MATERIAL TO PROCESS below:

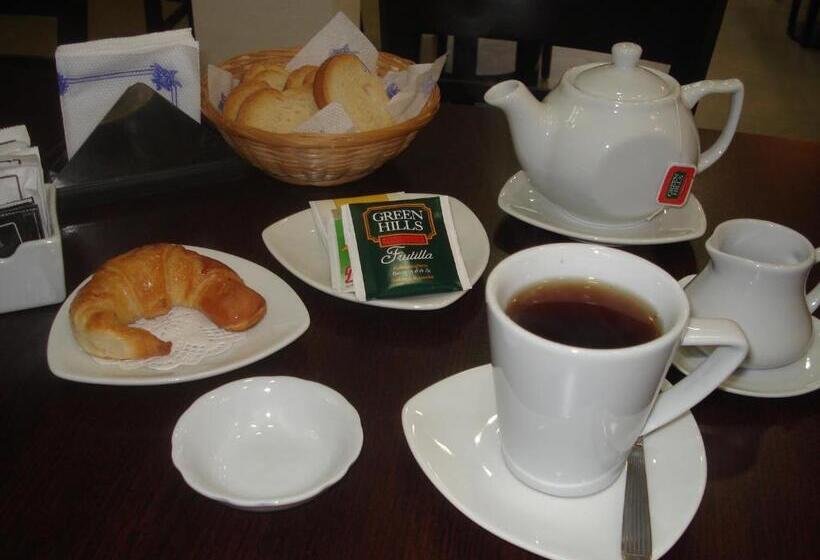 Отель Morada Suites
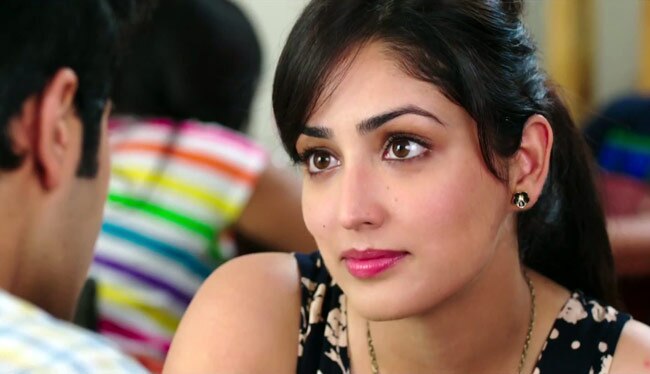 दाढ़ी और तराशी हुई बॉडी के साथ नए अवतार में वरुण धवन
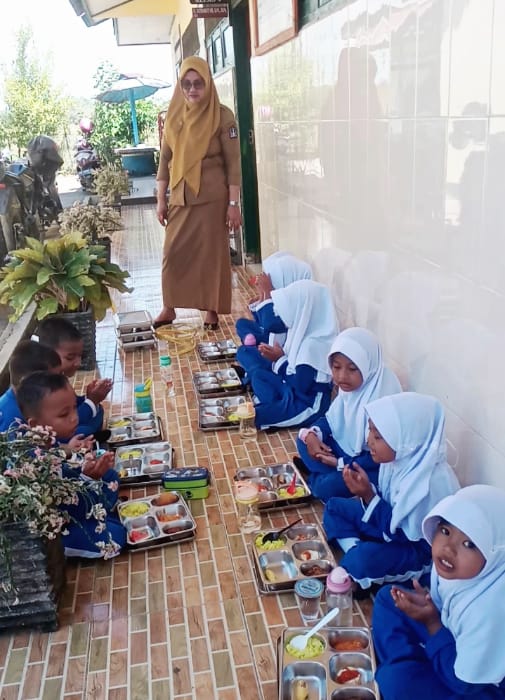 Program Makan Bergizi Gratis (MBG) di Kabupaten Bone mulai berjalan dengan membuka tiga dapur layanan di SPPG Palakka, Lamuru, dan Salomekko.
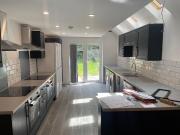 5 bedroom terraced house to rent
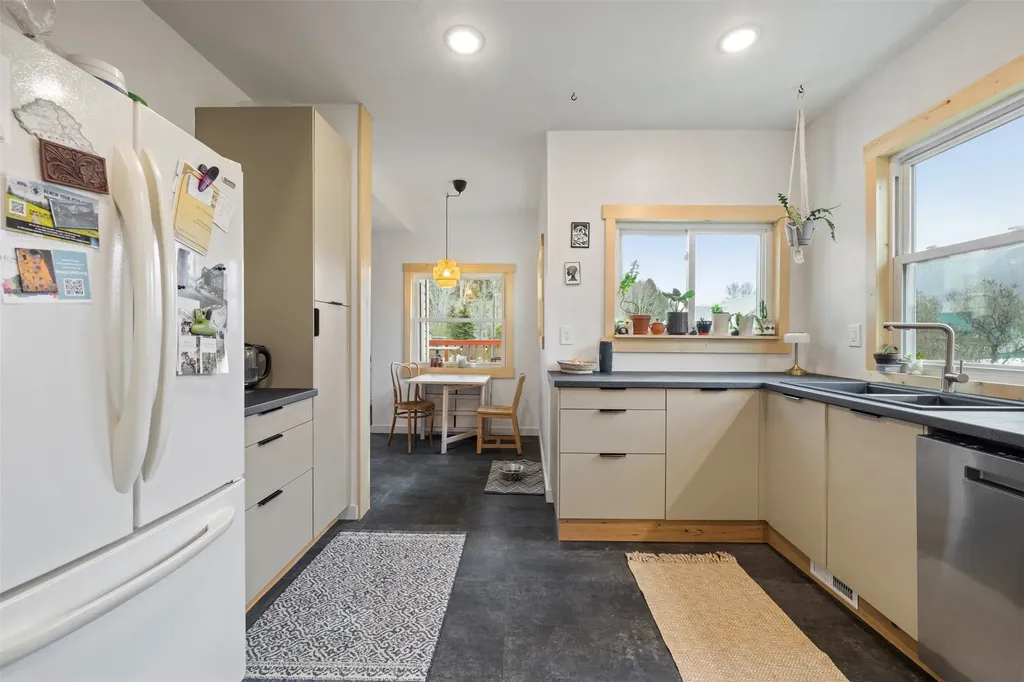 17 Quartz Avenue Basin MT 59631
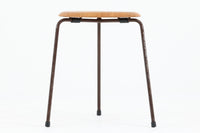 1954年、デンマークのデザイナー、Arne Jacobsen(アルネ・ヤコブセン)によって発表された3本脚のスツール、「DOT(ドット)」。このスツールは、ヤコブセンが手がけた「ルードブレ市庁舎」のロビーで待合席として使用されていました。1970年には4本脚のバージョンも登場しましたが、3本脚のモデルは同年に廃盤となり、現在はビンテージ品のみで入手可能です。オフィスや自宅での日常的な使用はもちろん、予備の椅子としても便利なこのスツールは、シンプルなデザインが魅力です。座面の中央がわずかにくぼんでおり、座った際にフィット感を生み出します。シンプルながらもヤコブセンのこだわりが感じられ、また、単なるスツールとしてだけでなく、ソファの横に置いて本や小物を置くサイドテーブルとしても活用できます。座面裏には薄っすらとFritz Hansen社の刻印がございます。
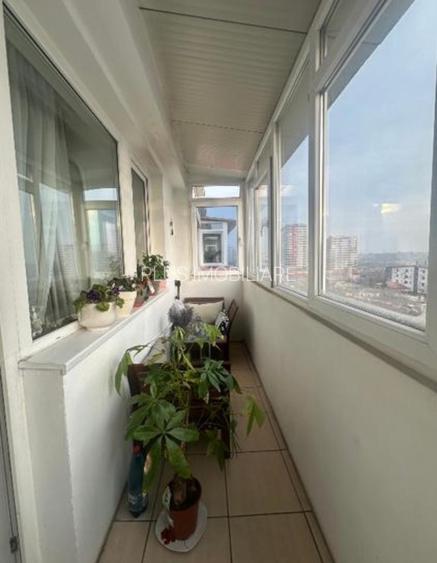 Apartament 2 camere renovat recent langa metrou 1Mai - 9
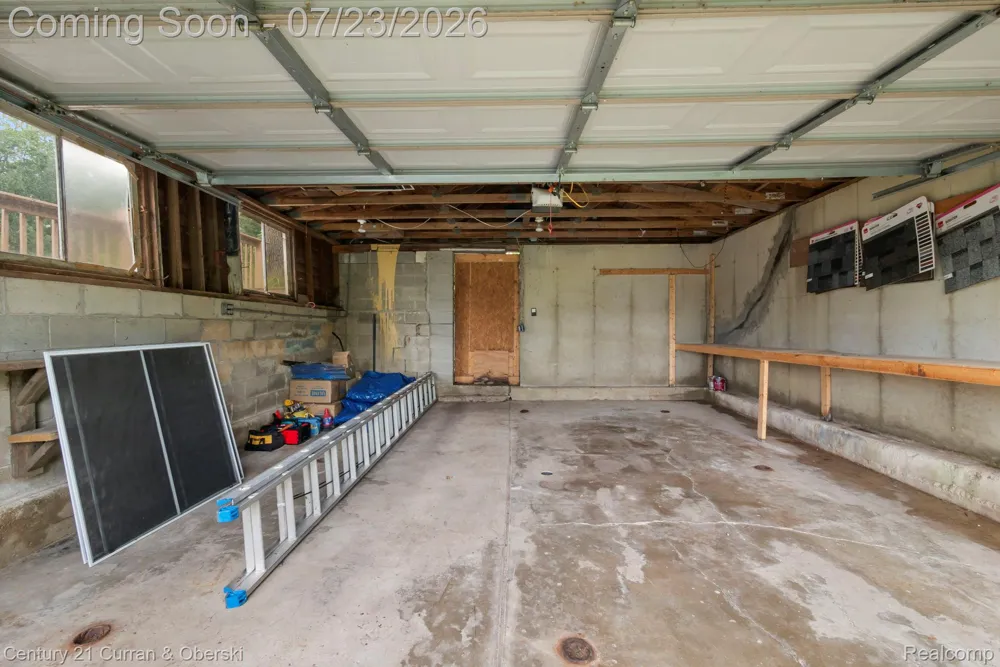 10492 Lake Shore Drive Tyrone Township, MI 48430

End of MATERIAL TO PROCESS.

TASK DESCRIPTION:
From the first line to the last, copy the records above exactly and drop any pictures.

EXPECTED ANSWER:
 Отель Morada Suites
 दाढ़ी और तराशी हुई बॉडी के साथ नए अवतार में वरुण धवन
 Program Makan Bergizi Gratis (MBG) di Kabupaten Bone mulai berjalan dengan membuka tiga dapur layanan di SPPG Palakka, Lamuru, dan Salomekko.
 5 bedroom terraced house to rent
 17 Quartz Avenue Basin MT 59631
 1954年、デンマークのデザイナー、Arne Jacobsen(アルネ・ヤコブセン)によって発表された3本脚のスツール、「DOT(ドット)」。このスツールは、ヤコブセンが手がけた「ルードブレ市庁舎」のロビーで待合席として使用されていました。1970年には4本脚のバージョンも登場しましたが、3本脚のモデルは同年に廃盤となり、現在はビンテージ品のみで入手可能です。オフィスや自宅での日常的な使用はもちろん、予備の椅子としても便利なこのスツールは、シンプルなデザインが魅力です。座面の中央がわずかにくぼんでおり、座った際にフィット感を生み出します。シンプルながらもヤコブセンのこだわりが感じられ、また、単なるスツールとしてだけでなく、ソファの横に置いて本や小物を置くサイドテーブルとしても活用できます。座面裏には薄っすらとFritz Hansen社の刻印がございます。
 Apartament 2 camere renovat recent langa metrou 1Mai - 9
 10492 Lake Shore Drive Tyrone Township, MI 48430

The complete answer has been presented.